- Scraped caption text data
+===+
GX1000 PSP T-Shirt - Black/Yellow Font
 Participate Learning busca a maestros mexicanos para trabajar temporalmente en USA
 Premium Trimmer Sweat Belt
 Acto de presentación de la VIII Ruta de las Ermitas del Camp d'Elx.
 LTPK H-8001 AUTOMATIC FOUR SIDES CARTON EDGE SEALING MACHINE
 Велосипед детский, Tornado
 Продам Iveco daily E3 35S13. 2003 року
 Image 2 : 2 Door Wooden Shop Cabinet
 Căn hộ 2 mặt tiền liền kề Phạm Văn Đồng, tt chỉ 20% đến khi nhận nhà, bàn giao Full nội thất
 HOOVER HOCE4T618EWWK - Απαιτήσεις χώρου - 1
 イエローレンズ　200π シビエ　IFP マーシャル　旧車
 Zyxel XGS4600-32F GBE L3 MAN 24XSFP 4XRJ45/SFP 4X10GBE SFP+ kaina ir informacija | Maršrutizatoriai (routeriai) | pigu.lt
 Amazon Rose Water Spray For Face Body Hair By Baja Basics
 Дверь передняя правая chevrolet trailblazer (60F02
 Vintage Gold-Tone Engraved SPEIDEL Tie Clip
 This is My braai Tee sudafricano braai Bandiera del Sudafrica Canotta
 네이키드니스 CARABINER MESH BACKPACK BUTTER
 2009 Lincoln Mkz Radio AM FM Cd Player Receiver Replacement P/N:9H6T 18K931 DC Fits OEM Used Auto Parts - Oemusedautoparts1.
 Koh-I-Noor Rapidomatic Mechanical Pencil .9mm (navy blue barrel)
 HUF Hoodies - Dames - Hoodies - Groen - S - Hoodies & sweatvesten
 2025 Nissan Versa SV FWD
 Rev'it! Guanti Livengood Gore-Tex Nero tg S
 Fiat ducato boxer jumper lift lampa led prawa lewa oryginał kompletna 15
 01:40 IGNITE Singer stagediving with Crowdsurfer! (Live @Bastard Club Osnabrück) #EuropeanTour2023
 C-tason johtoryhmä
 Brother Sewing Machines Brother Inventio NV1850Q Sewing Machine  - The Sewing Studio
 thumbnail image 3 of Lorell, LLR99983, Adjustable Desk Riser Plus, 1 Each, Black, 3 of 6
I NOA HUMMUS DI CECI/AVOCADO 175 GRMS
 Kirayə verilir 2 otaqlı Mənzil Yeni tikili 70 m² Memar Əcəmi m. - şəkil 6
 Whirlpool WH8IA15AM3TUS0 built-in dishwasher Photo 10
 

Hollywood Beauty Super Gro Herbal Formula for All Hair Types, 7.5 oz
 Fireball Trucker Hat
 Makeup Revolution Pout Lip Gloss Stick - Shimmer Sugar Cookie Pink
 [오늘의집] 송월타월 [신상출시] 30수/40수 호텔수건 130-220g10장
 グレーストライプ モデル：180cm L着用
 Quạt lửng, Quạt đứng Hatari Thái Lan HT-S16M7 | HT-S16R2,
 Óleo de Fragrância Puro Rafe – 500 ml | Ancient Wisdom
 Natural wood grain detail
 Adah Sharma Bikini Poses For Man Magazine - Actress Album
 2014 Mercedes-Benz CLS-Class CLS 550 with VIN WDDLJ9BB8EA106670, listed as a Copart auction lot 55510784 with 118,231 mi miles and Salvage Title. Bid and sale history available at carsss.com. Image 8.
+===+
Above are the entries. Output exactly the lines beginning with the line that has "Hollywood Beauty Super" and ending with the line that has "- Actress Album".

Hollywood Beauty Super Gro Herbal Formula for All Hair Types, 7.5 oz
 Fireball Trucker Hat
 Makeup Revolution Pout Lip Gloss Stick - Shimmer Sugar Cookie Pink
 [오늘의집] 송월타월 [신상출시] 30수/40수 호텔수건 130-220g10장
 グレーストライプ モデル：180cm L着用
 Quạt lửng, Quạt đứng Hatari Thái Lan HT-S16M7 | HT-S16R2,
 Óleo de Fragrância Puro Rafe – 500 ml | Ancient Wisdom
 Natural wood grain detail
 Adah Sharma Bikini Poses For Man Magazine - Actress Album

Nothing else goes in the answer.